***** Material shown *****
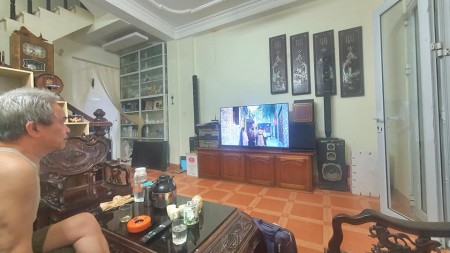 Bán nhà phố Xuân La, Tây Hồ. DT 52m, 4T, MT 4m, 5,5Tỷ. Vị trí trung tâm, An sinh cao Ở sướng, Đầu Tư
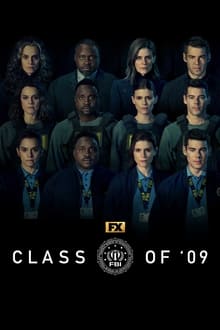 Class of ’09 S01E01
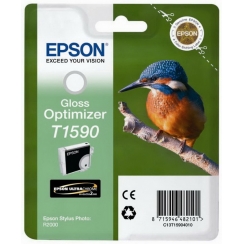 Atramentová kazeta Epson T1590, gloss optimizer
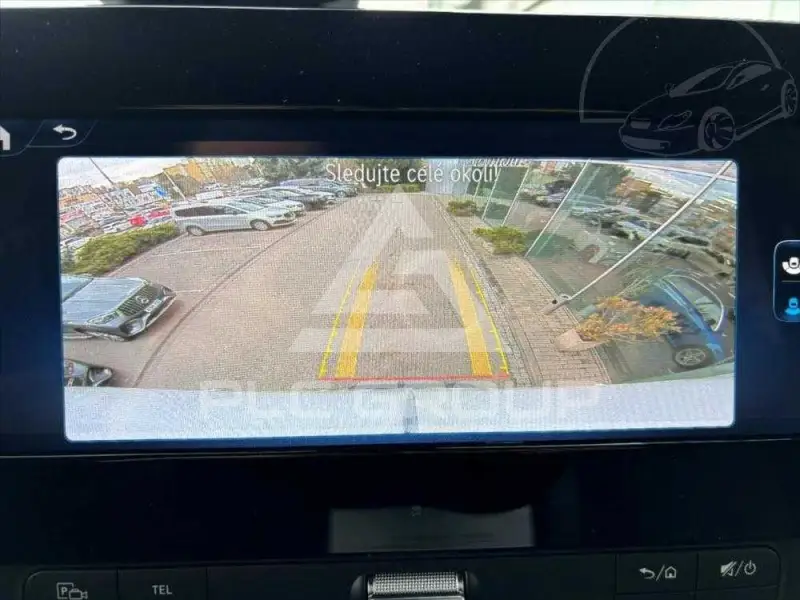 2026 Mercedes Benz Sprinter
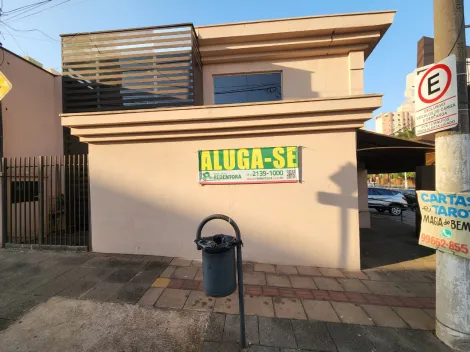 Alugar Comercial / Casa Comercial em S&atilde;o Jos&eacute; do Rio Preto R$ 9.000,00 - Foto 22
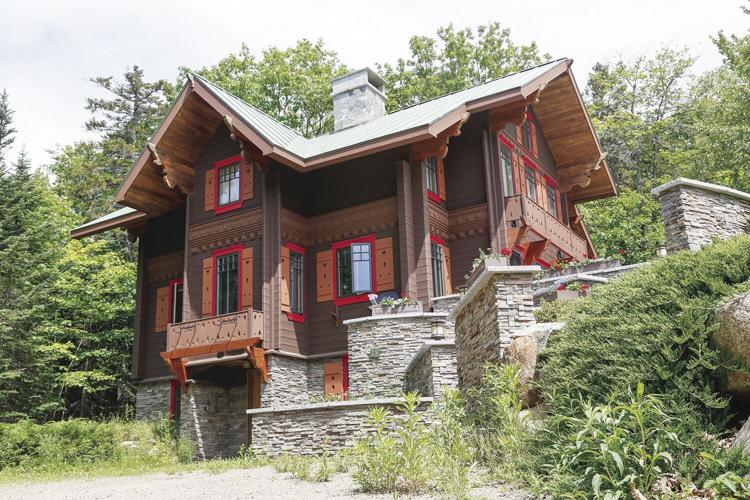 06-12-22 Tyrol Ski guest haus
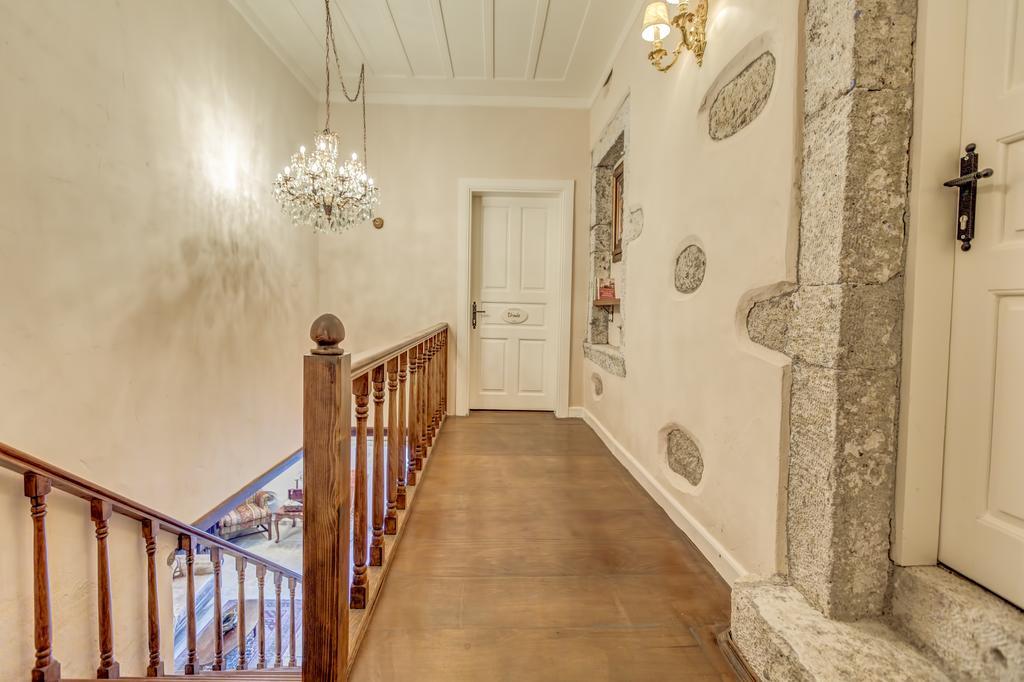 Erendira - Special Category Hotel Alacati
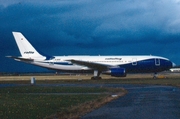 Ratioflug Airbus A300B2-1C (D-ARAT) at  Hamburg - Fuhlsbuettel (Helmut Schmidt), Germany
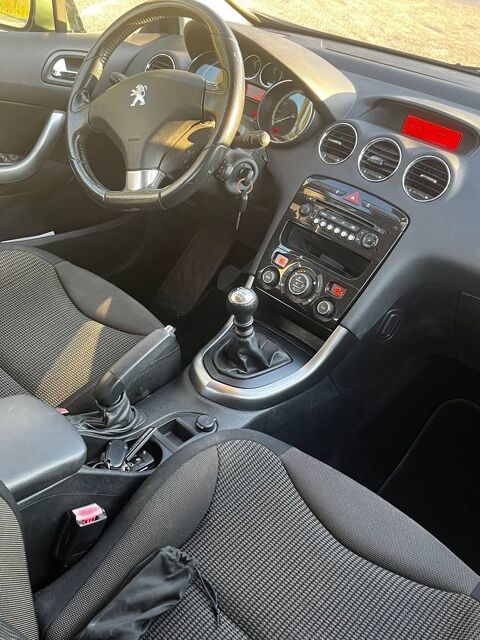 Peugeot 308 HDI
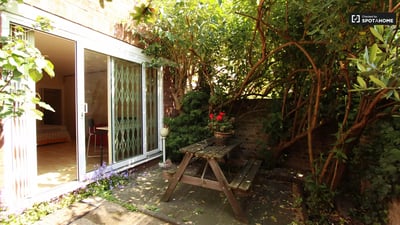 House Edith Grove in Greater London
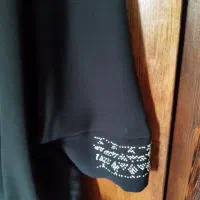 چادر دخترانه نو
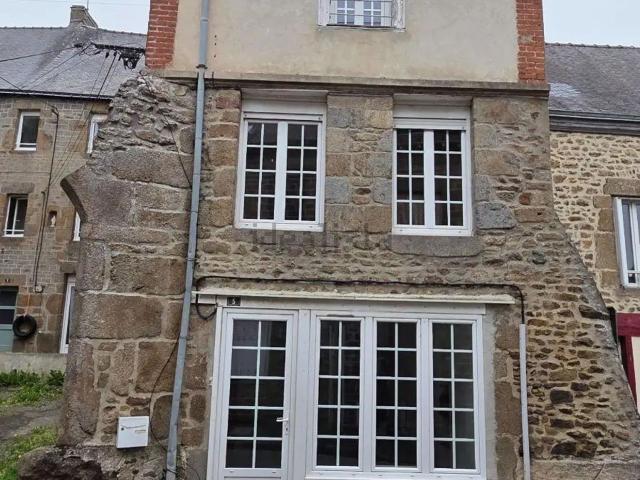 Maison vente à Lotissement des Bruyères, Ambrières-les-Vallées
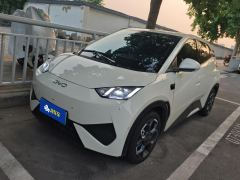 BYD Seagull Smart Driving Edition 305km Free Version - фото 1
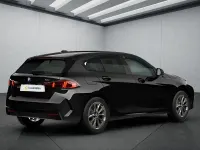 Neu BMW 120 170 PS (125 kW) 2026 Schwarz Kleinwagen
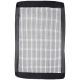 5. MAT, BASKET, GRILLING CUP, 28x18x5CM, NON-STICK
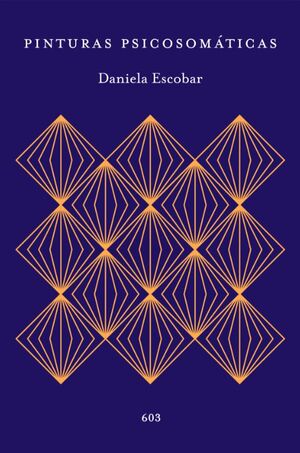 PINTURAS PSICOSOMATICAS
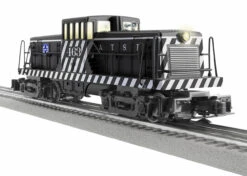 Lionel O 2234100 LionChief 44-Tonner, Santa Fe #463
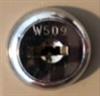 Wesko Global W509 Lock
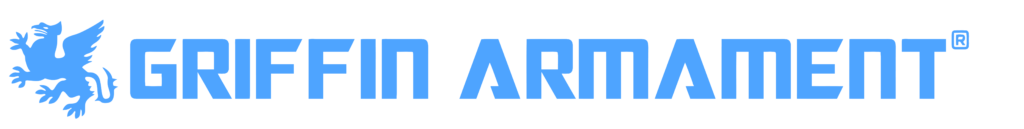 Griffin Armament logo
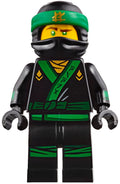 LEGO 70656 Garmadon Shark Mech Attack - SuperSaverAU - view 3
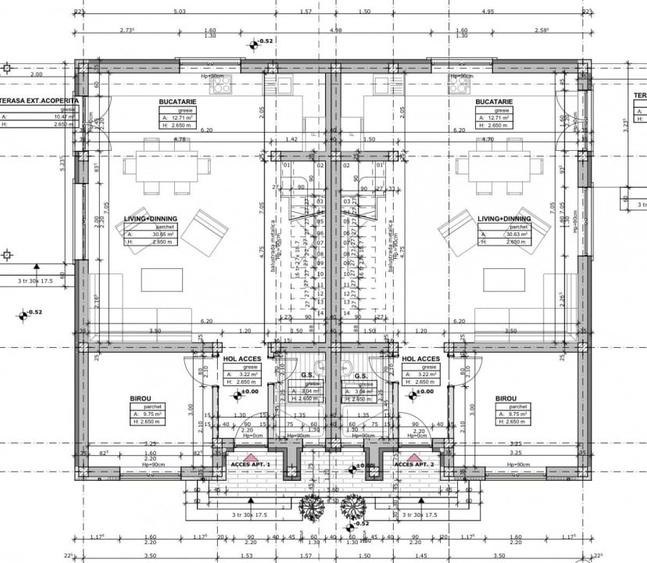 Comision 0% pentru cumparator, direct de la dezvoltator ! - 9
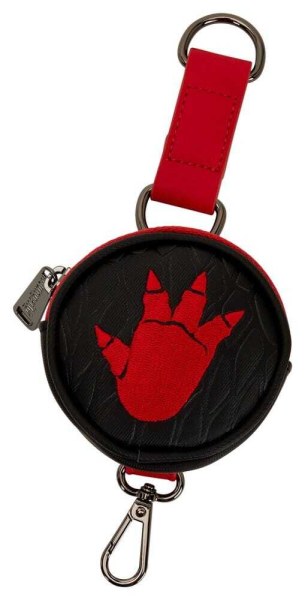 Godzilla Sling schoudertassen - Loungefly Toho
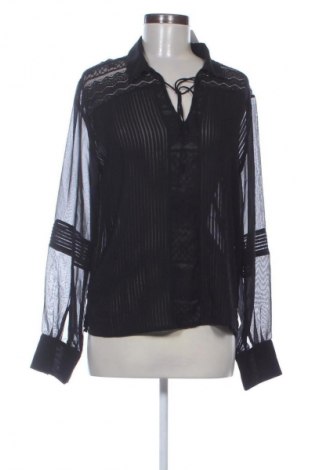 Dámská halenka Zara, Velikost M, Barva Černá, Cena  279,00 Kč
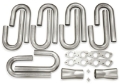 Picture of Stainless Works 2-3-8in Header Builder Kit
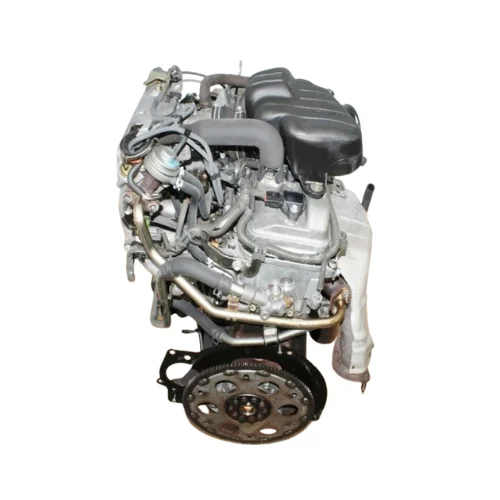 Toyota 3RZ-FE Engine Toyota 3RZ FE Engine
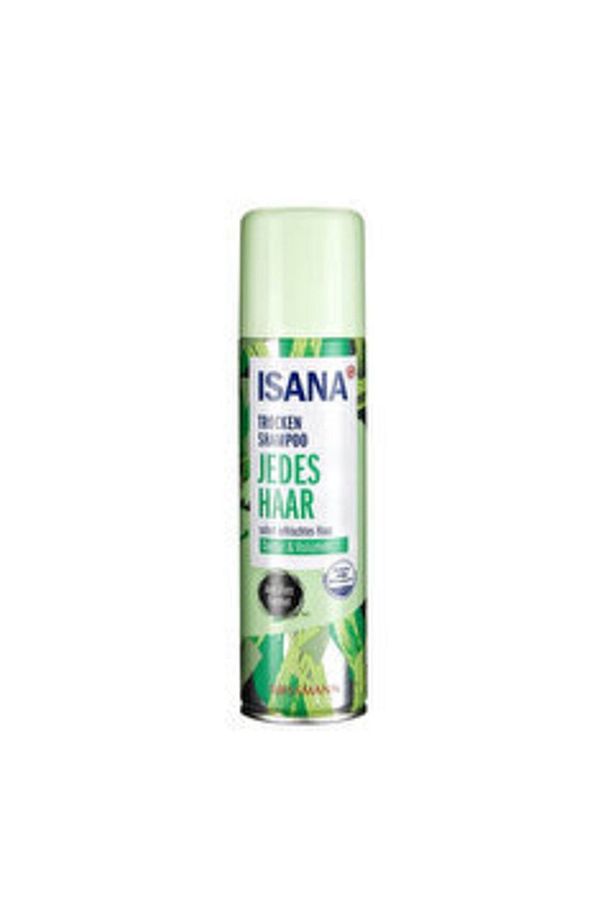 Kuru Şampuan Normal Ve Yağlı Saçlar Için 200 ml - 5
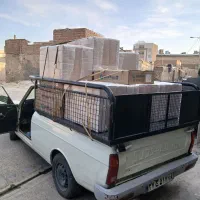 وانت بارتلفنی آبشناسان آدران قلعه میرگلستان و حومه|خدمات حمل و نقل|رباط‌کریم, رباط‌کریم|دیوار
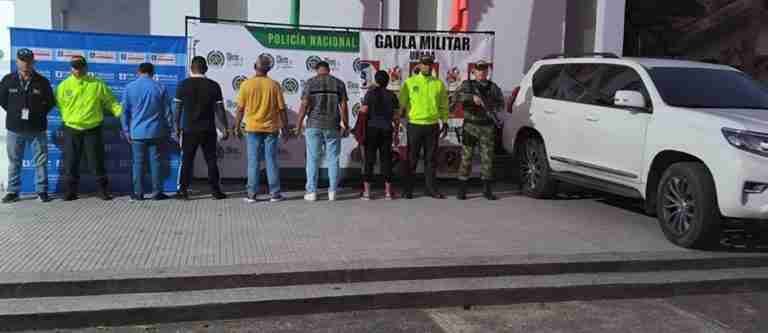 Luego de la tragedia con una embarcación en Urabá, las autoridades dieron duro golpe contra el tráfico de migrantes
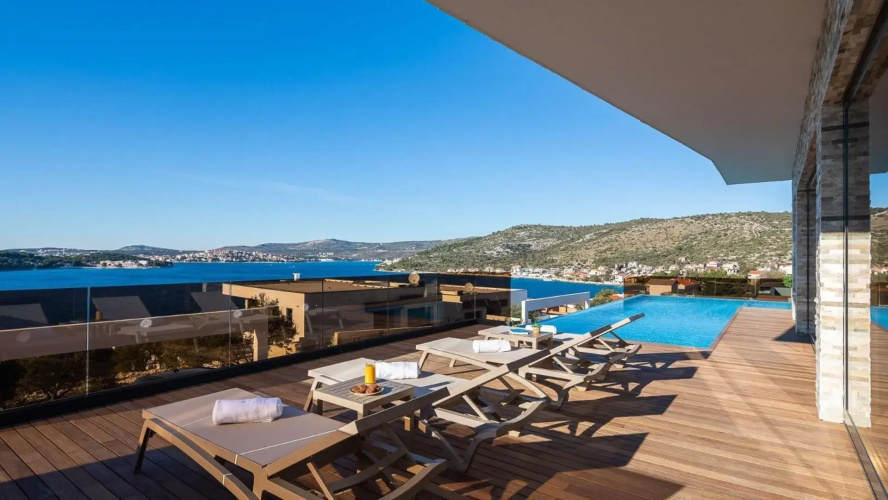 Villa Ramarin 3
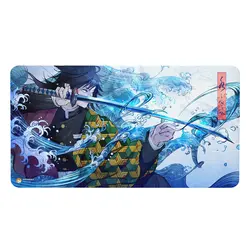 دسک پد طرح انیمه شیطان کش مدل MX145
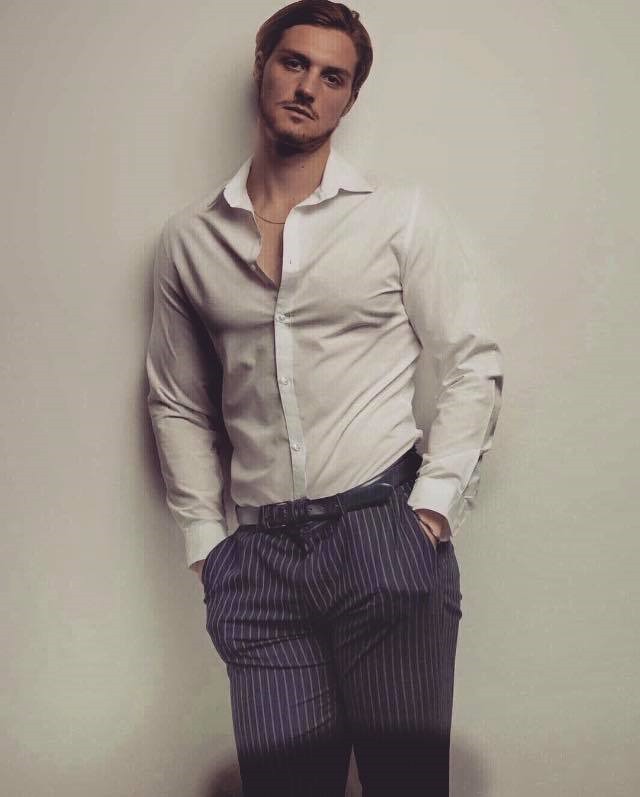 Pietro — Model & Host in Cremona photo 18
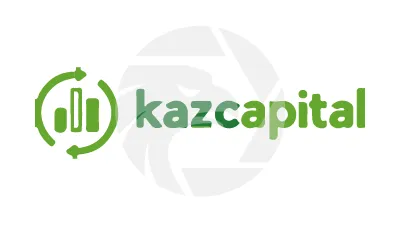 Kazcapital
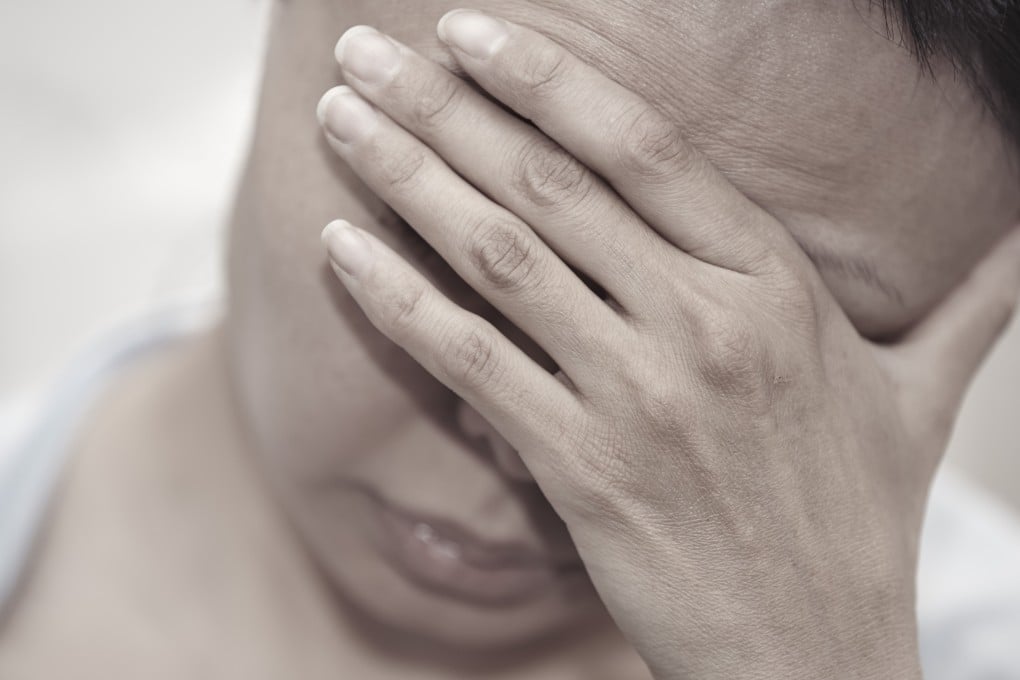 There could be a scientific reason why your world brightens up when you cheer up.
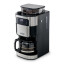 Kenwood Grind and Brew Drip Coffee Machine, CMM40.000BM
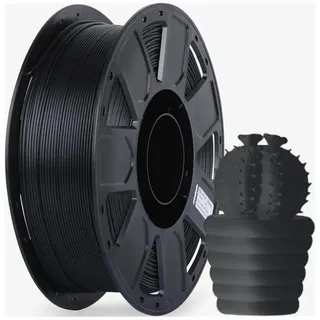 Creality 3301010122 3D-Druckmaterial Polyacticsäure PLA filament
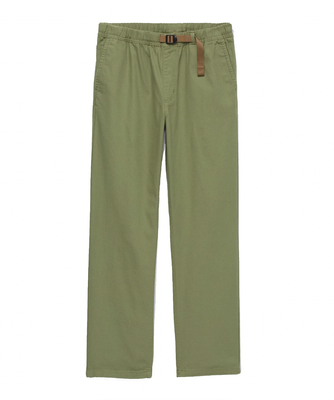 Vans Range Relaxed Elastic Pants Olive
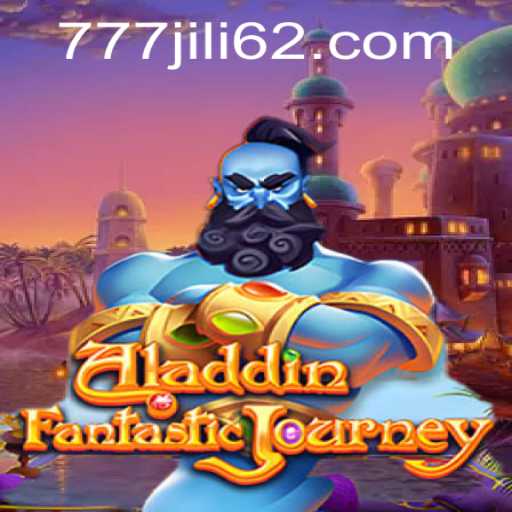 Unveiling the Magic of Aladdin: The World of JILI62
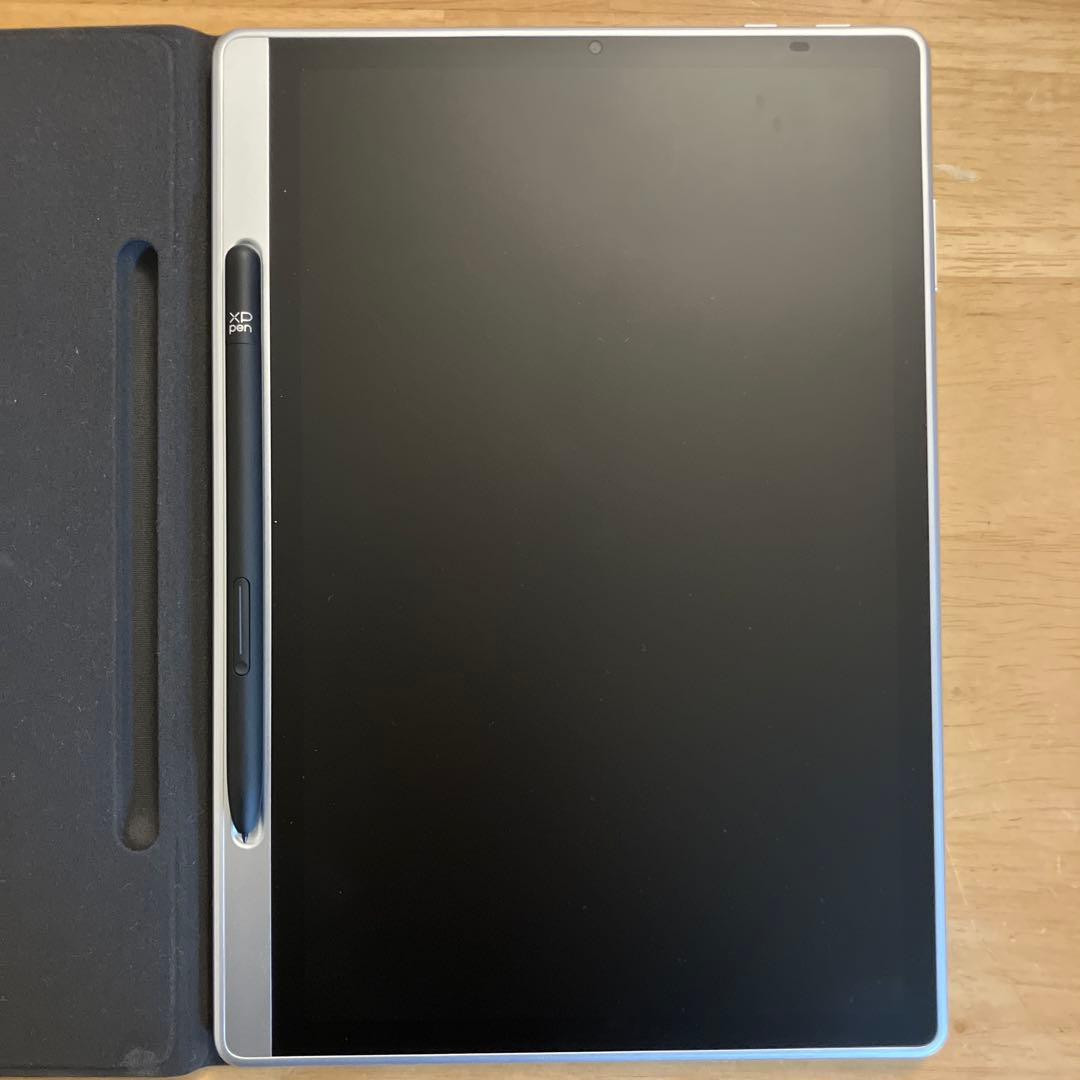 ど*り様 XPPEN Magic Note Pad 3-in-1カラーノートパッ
*****
Word for word, give the entries back in full; the pictures do not belong in the copy.

## Response to this exercise
 Bán nhà phố Xuân La, Tây Hồ. DT 52m, 4T, MT 4m, 5,5Tỷ. Vị trí trung tâm, An sinh cao Ở sướng, Đầu Tư
 Class of ’09 S01E01
 Atramentová kazeta Epson T1590, gloss optimizer
 2026 Mercedes Benz Sprinter
 Alugar Comercial / Casa Comercial em S&atilde;o Jos&eacute; do Rio Preto R$ 9.000,00 - Foto 22
 06-12-22 Tyrol Ski guest haus
 Erendira - Special Category Hotel Alacati
 Ratioflug Airbus A300B2-1C (D-ARAT) at  Hamburg - Fuhlsbuettel (Helmut Schmidt), Germany
 Peugeot 308 HDI
 House Edith Grove in Greater London
 چادر دخترانه نو
 Maison vente à Lotissement des Bruyères, Ambrières-les-Vallées
 BYD Seagull Smart Driving Edition 305km Free Version - фото 1
 Neu BMW 120 170 PS (125 kW) 2026 Schwarz Kleinwagen
 5. MAT, BASKET, GRILLING CUP, 28x18x5CM, NON-STICK
 PINTURAS PSICOSOMATICAS
 Lionel O 2234100 LionChief 44-Tonner, Santa Fe #463
 Wesko Global W509 Lock
 Griffin Armament logo
 LEGO 70656 Garmadon Shark Mech Attack - SuperSaverAU - view 3
 Comision 0% pentru cumparator, direct de la dezvoltator ! - 9
 Godzilla Sling schoudertassen - Loungefly Toho
 Dámská halenka Zara, Velikost M, Barva Černá, Cena  279,00 Kč
 Picture of Stainless Works 2-3-8in Header Builder Kit
 Toyota 3RZ-FE Engine Toyota 3RZ FE Engine
 Kuru Şampuan Normal Ve Yağlı Saçlar Için 200 ml - 5
 وانت بارتلفنی آبشناسان آدران قلعه میرگلستان و حومه|خدمات حمل و نقل|رباط‌کریم, رباط‌کریم|دیوار
 Luego de la tragedia con una embarcación en Urabá, las autoridades dieron duro golpe contra el tráfico de migrantes
 Villa Ramarin 3
 دسک پد طرح انیمه شیطان کش مدل MX145
 Pietro — Model & Host in Cremona photo 18
 Kazcapital
 There could be a scientific reason why your world brightens up when you cheer up.
 Kenwood Grind and Brew Drip Coffee Machine, CMM40.000BM
 Creality 3301010122 3D-Druckmaterial Polyacticsäure PLA filament
 Vans Range Relaxed Elastic Pants Olive
 Unveiling the Magic of Aladdin: The World of JILI62
 ど*り様 XPPEN Magic Note Pad 3-in-1カラーノートパッ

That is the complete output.